Una lama lanciata dal basso in alto in quel modo, premuta col peso intero del corpo, ha una
penetrazione terribile; capace di sventrare la vittima dall’ombelico fino in cima allo sterno!
Calmo, ma rapidissimo, faccio partire quattro pallottole... Ho ripetuto il tiro contro il terzo che non
si decideva a cadere... Anche lui si affloscia garbatamente sul ponte.
Il secondo del «Magellano» crolla contemporaneamente! Mio Dio! una delle mie pallottole... Ma
no, si è tuffato per afferrare il mitra del terzo. E, bocconi dietro quest’ultimo, eccolo aprire il fuoco
su qualcosa che io non vedo, a sinistra!
A destra arrivano a tutta velocità i due che tenevano a bada il capitano e il pilota. Scendono
precipitosamente la scala del cassero per prendere alle spalle il secondo. Quei due sono miei. Dato
che brandiscono solo delle specie di sciabole o di enormi coltelli, miro alle cosce. Essi ruzzolano
gemendo, l’uno sull’altro, in fondo alla scala.
Poi cerco immediatamente un riparo. È poco igienico rimanere bocconi sul ponte scoperto, con una
sdraio di tela per scudo!
Ma vedo il secondo correre a testa bassa verso poppa. Nessuno spara su di lui, il fuoco è
cessato... Preferisco raggiungere il cassero, salire la scala in tre balzi, il collo rientrato nelle spalle,
una fifa tremenda di una pallottola nella schiena! Approdo a ventre in giù con un sollievo
inesprimibile...
Per trovarmi a naso a naso col capitano. Lui e il timoniere sono accovacciati dietro il parapetto di
lamiera che circonda il cassero.
– Siete ferito, signore?
– No.
– Allora prendete il timone, se non vi dispiace. Governate dritto, e grazie! Io vado ad aiutare il
secondo!
Si raddrizza e, senza aspettare la mia risposta, imbocca di volata la scala, seguito dal suo
marinaio. Più «gonfiato» di quanto pensassi, quell’omone! Vado al timone. «Governare dritto»!

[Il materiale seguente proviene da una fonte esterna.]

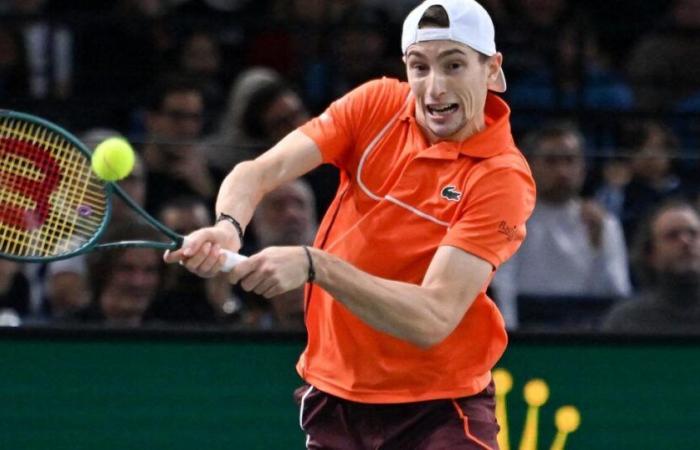 Wo und zu welcher Uhrzeit kann man das Finale des Franzosen Ugo Humbert gegen Alexander Zverev beim Bercy-Turnier live verfolgen?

Guardo la scia del «Magellano». Serpeggia mica male, ma io prendo la direzione approssimativa.
Poi blocco la ruota e risalgo i tre gradini dell’abitacolo del timoniere per vedere cosa succede.
Lo spettacolo è riconfortante. Una squadra di sikhs – ma dove erano durante il trambusto? – sta
sbattendo in mare i cadaveri, previo svuotamento delle tasche. Subito dopo i sikhs vengono verso il
cassero a prendere i due feriti ai piedi della scala. Rapida perquisizione. E, oplà!, in mare anche
loro.
Bene. Perfetto. È una giustizia un po’ sommaria, ma che non mi riguarda.
Alcuni secchi d’acqua concludono la pulizia del ponte di passeggio, subito invaso da una folla di
gente eccitata. Il grosso capitano ritorna insieme al suo secondo, il quale mi stringe la mano.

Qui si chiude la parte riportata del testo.